Consumer Council of Zimbabwe Matabeleland regional manager Mr Comfort Muchekeza said failure by retailers to abide with Government’s price freeze directive was largely due to the fact that the move might have been taken without “proper consultation” among stakeholders.
“The idea to come up with the price freeze was rushed upon, without proper consultation from all the players in the production and distribution chain. There is always a need to come up with not only cheap and affordable prices but realistic prices, which allows business to continue supplying the market with quality goods and services while at the same time being within the reach of consumers.
“Our pricing system must not be divorced from the salaries and wages. Price freeze shouldn’t be isolated from the fundamentals of our economic activities. If we can’t freeze all other builds up and contributors to the final price, freezing the price of the final product will be difficult to implement even though we would all have agreed to the freeze,” he said.
However, National Consumer Rights Association (Nacora) advocacy advisor Mr Effie Ncube said retailers were ignoring the price moratorium by the Government due to their profiteering tendencies, which has gone unchecked over the years.
“Clearly the moratorium is being ignored.
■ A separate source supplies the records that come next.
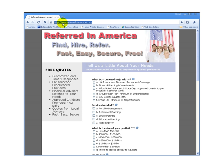And the site that we're going to submit is called Referred in America, a site for providing information about different types of services that people could have.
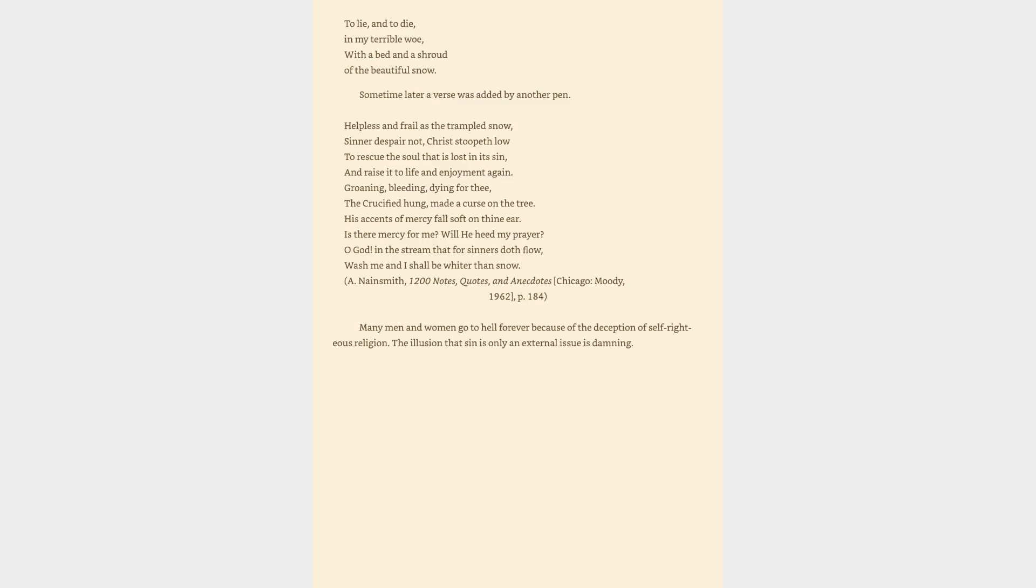A. Naismith, 1200 Notes, Quotes, and Anecdotes, Chicago, Moody, 1962, page 184. Many men and women go to hell forever because of the deception of self-righteous religion. The illusion that sin is only an external issue is damning.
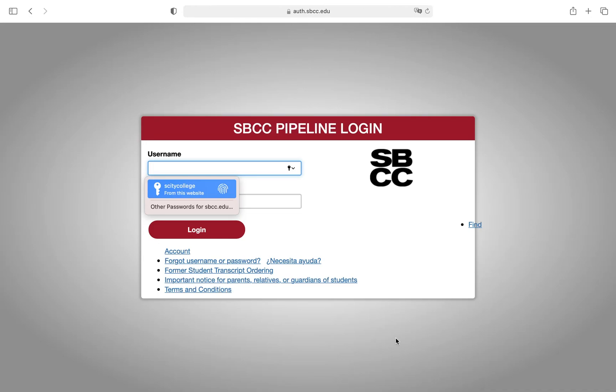Hi there, my name is Christian and in this tutorial I'm going to show you how to access your online course here at Santa Barbara City College.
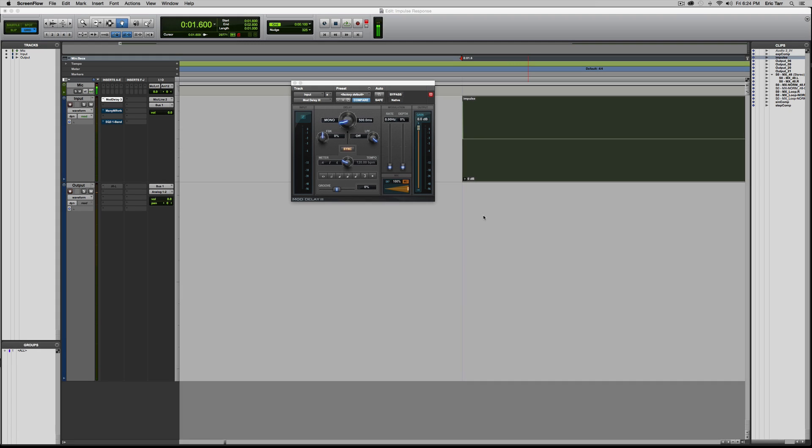Hey guys, Eric Tarr here for TheProAudioFiles.com. I've been going through a series of videos where I'm demonstrating techniques that you can use to analyze your effects plug-ins.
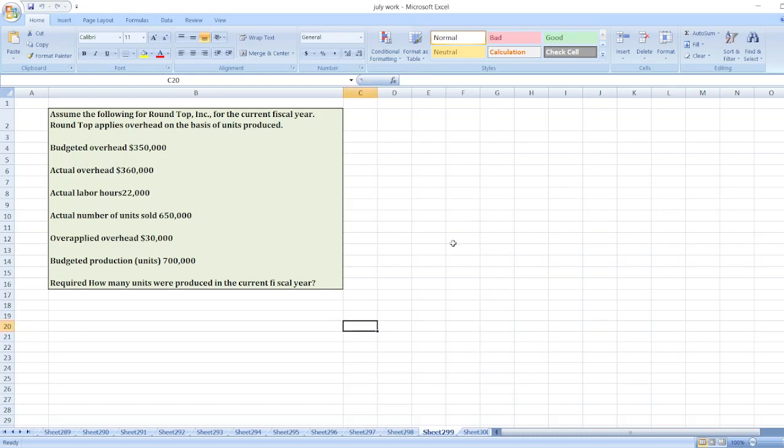Hey guys, the question is: Assume the following for Round Top Inc. for the current fiscal year. Round Top applies overhead on the basis of units produced. Here is the data: budgeted overhead, actual overhead, actual labor hours, actual number of units sold, overapplied overhead, budgeted production in units. Required: How many units were produced in the current fiscal year?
The culture of profiteering is well entrenched and addictive. Government should therefore change approach and find a more effective way to ensure affordable prices of basic commodities. The most effective way is an all-stakeholders roundtable comprising Government, business and representatives of consumers and labour,” he said.
The country has experienced a wave of wanton price increases of commodities for almost two years, most of which have been attributed to business pegging their prices against the parallel market foreign exchange rates.
This continuous rise in prices has increased calls from the people for the Government to intervene and reprimand the business community.